What the weapons detail in UN Syria report reveals

 
UN weapons inspectors in Damascus, 29 Aug The UN report said 85% of the blood samples tested positive for sarin

To say that the United Nations' report on the alleged chemical weapons attacks that took place in the Ghouta area of Damascus on 21 August, claiming, according to various estimates, 200-1,400 lives, had been eagerly anticipated would be to put it mildly.

But although much has been clarified by the report, the UN team's terms of reference and the hectic pace of diplomacy since the field teams flew back to The Hague with their samples have blunted its language.

The UN inspectors conducted a rigorous inquiry designed to preserve a "chain of custody" with their samples that would measure up to court room standards. These were tested in two different laboratories as a safeguard against false positives.

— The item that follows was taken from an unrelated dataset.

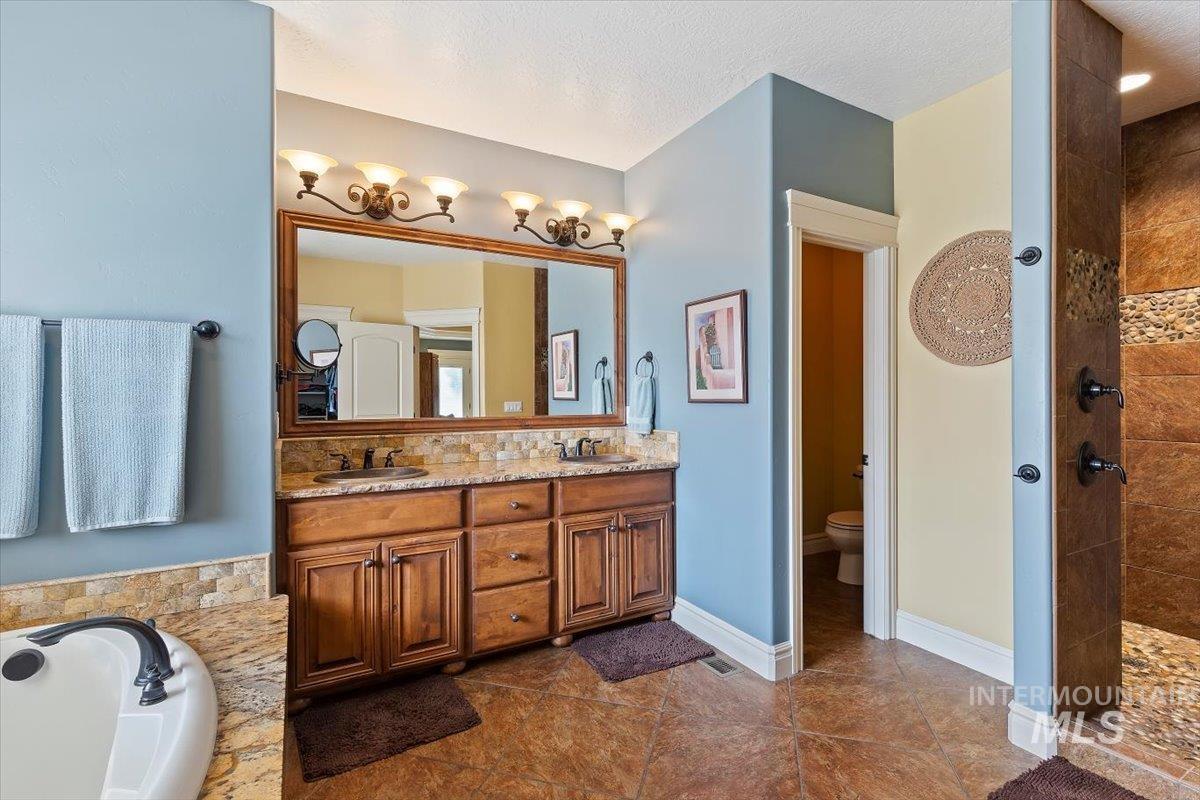 3910 S Tavistock Place, Meridian, Idaho 83642, 3 Bedrooms, 2.5 Bathrooms, Residential For Sale, Price $845,000,MLS 98996192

The field team, headed by a Swede was made up of experts drawn from countries other than the UN Security Council's permanent five - China, France, Russia, the UK and US.

Rocket markings

Their biggest body of evidence concerned tests conducted on people, surroundings and rocket fragments for the nerve agent sarin. Blood tests showed that 85% of the patients tested proved positive for it. One lab returned 91% and 100% positives on urine samples from patients in two Damascus suburbs.

Ammunition fragments too displayed "clear and convincing evidence that surface-to-surface rockets containing the nerve agent sarin were used in Ein Tarma, Moadamiyah and Zamalka", the report said.

UN Secretary General Ban Ki Moon said that their report "makes for chilling reading".

Those who argue with the American version of events which puts blame for the attack at the feet of the Assad regime - critically the Syrian and Russian government - do not dispute that sarin was used. In fact it was Syrian officials, blaming opposition terrorists, who first stated it was sarin. And Russian President Vladimir Putin wrote in the New York Times last week, "no one doubts that poison gas was used in Syria".

But the UN inspectors do give the lie to certain conspiracy theories, for example about opposition fighters releasing poison from tunnels - the inspectors are clear that the attack was carried out with rockets that tested positive for the agent.

And whoever Russia holds responsible, it is hardly great PR that one of the missiles photographed by the UN, has markings that apparently indicate that it was manufactured in Novosibirsk in Russia. The code 179, say experts at the Royal United Services Institute, is distinctive of the Sibselmash plant in that city.

The 140mm multiple rocket launcher round is identical to sarin rounds recovered in Iraq, the rocket being designed to fire from a BM-14 multiple rocket launcher, a standard Warsaw Pact system for delivering smoke and high explosive as well as chemical agents.

Angle of impact

Could rebels have used these rocket launchers? Well they have certainly captured some BM-14s. But do they possess chemical rounds for them and could they really have fired so many rockets, including much larger 330mm weapons too, into so many neighbourhoods surrounding Damascus during the early hours of 21 August?

The attribution of blame was not part of the inspectors' mandate. But there are certainly pointers - some of them literally so.

The inspectors write of "a relatively large scale" of chemical attack. Most intriguingly they also included information on the bearings on which two of the sarin rockets had been fired.

At Site 1, Moadamiyah, a BM14 rocket had impacted at an angle of 35 degrees. At Site 4, Ein Tarma, a larger 330mm rocket embedded in the ground gave a bearing of 285 degrees. Extend these two lines in the direction from which the rockets were fired and you are soon in government held Damascus. Critics of the Assad government, such as France or the US, feel their point has been made.

However the UN secretary general and his inspectors have declined to point the finger explicitly at Syria's government. They still intend to investigate three chemical weapons incidents that took place before the 21 August attack, indeed that was the original aim of their mission in Syria.

Furthermore, there is every prospect that officials will wish to travel to Syria in the next couple of months, as the process of declaring and registering its chemical weapons stockpile goes ahead. Russia's support is vital for that, as is access and so for the moment diplomatic necessity appears to have trumped plain speaking for the UN.